The ViewOutcome of Hong Kong listing turf war will be city’s most important change in corporate governance
Speak a little truth and people lose their minds. No one expected a turf war when the Securities and Futures Commission (SFC) and Hong Kong Stock Exchange (HKEX) jointly launched a three month consultation in June to collect views from the market on amending the listing procedure.
Under the proposals, a listing regulatory committee and a listing policy committee, with equal representation from the SFC and HKEX would manage the approval process. Sharing power over HKEX’s monopoly powers and even the mere hint of restricting new listings provoked rebukes from vested interests.
In an interview with the SCMP, Lo Ka-shui, vice-chairman of the Chamber of Hong Kong Listed Companies, who is also chairman and managing director of listed property developer Great Eagle Holdings, said, “The proposal to let the regulators determine which companies should be listed will move Hong Kong backwards, while the world’s other markets are all moving to a disclosure based regime. A regulator-based regime would not promote market development and our stock market will be further stifled which would be damaging to Hong Kong as an international centre.”

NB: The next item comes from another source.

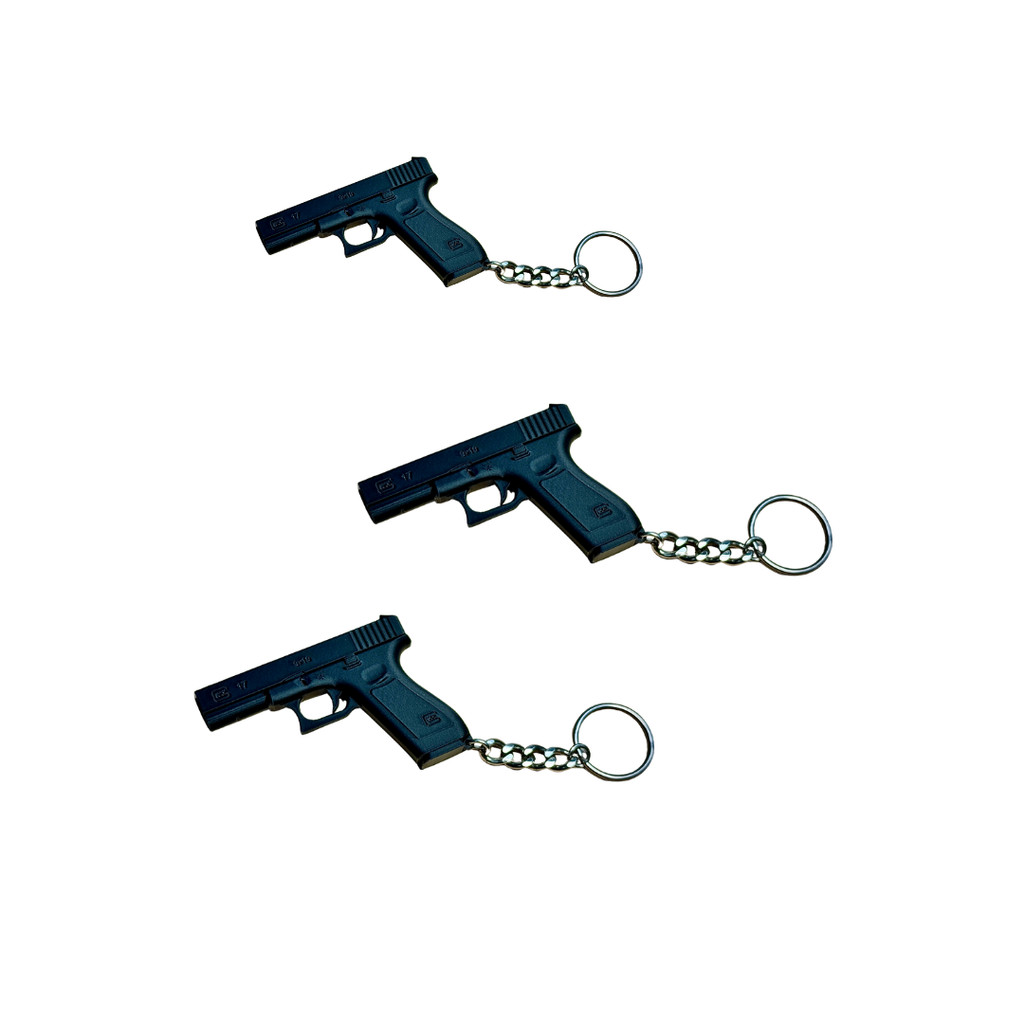 Mini Chaveiro Glock 3D – Acessório para Bolsas e Chaves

Christopher Cheung Wah-fung, the incumbent lawmaker representing stockbrokers opposed the reforms, purporting they might lead to a significant drop in initial public offerings in Hong Kong. “Many brokers are worried their rice bowls may be broken,” he said.
One of the problems of applying this local village mentality is it hinders HKEX from evolving. Instead, a slavish devotion to maximising the exchange’s monopoly only blinds it to manifest challenges.
China’s economic and financial importance has resulted in the HKEX becoming the world’s largest and probably most important stock exchange. What the exchange and regulators must comprehend is that China and Chinese companies pose a dilemma never before encountered in capital markets: it is the world’s second largest economy while at the same time an emerging market. This means that HKEX will host some of financial history’s biggest listings along with the biggest regulatory headaches.